In my senior year of high school, I pirated a film for the first time. I had lost my copy of the 2001 stoner comedy “Out Cold,” figuring that since I already owned it there was little harm in nabbing a digital copy.
The next four years were filled with downloading movies, TV series, complete discographies, software and video games. I filled hard drives at a prolific rate, housing terabytes of illegal media in small black containers.
I credit this period with my education in film. Piracy provided a democratization of artwork that I had never encountered, enabling me to amass a vast collection of films and cinema knowledge.
My passion brought me to Los Angeles and led to jobs in the film industry. There I encountered struggling young hopefuls who shared my love of piracy and the film executives who cursed it.
I saw in that divide the true nature of the piracy argument — the wealthy producers vs. a bunch of kids who wanted to watch their movies.
I maintained this worldview until a few weeks ago, when I heard actress Geena Davis speaking about gender disparity in film.
It is an issue that has always bothered me and is easily explained by Hollywood’s need to appeal to the rapidly expanding foreign market.
As Steven Soderbergh explained at the San Francisco International Film Festival earlier this year, appealing to the foreign market requires tropes that have damaged the overall quality of cinema.
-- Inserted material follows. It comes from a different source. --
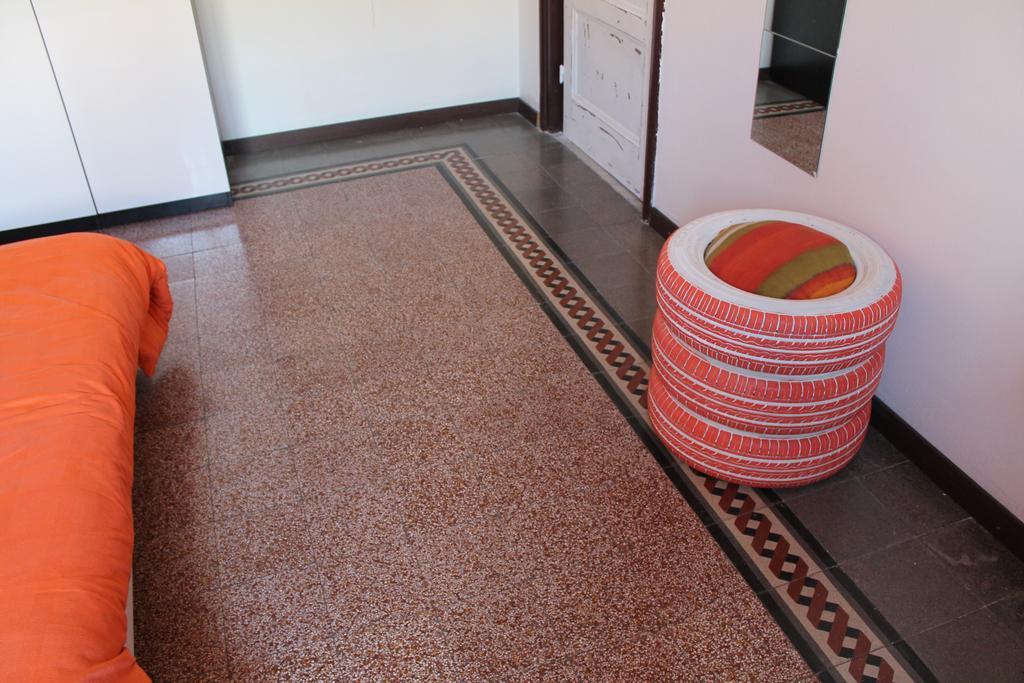 B&B Nica Domus Palermo Zewnętrze zdjęcie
The first, and most demonstrable, is that global cinemas want films with little dialogue, preferring special effects and action scenes to tamer, more thoughtful fare.
The second is that they demand characters who are one-dimensional and familiar. For women this means scantily clad eye candy whose only job is to look good and provide the male protagonist with a prize.
Davis made this argument then took it in an unfamiliar direction, citing decreased media revenues as the source of Hollywood’s collective overreaction toward big budget monstrosities and their sequels.
Indeed, international box office revenues jumped from about $10.6 billion to more than $21 billion from 2001 to 2010, while global media sales and rentals, which peaked in 2004 at about $57 billion, fell to about $43 billion by 2010.
Some of this decline can be attributed to the movement from physical media to cheaper digital alternatives like Netflix. But, while impossible to quantify, piracy’s effect on sales is estimated to measure in the many billions of dollars annually.
Davis’ assertion that this has led to the film industry relying more heavily upon the international market is easy to see in effect. Every year is the “year of the sequel.” Hollywood executives talk at length about the importance of films with international appeal. We can even see that films with African American casts won’t get made because executives are afraid foreign markets won’t find them American enough.
This shift in importance would have happened anyway, but it has been exacerbated by the rapid decline in media revenue, itself accelerated by piracy. It was enough to inspire me to uninstall BitTorrent and ask my friends to do the same. I’m not saying that piracy has caused these adverse effects. I’m just saying that it really hasn’t helped.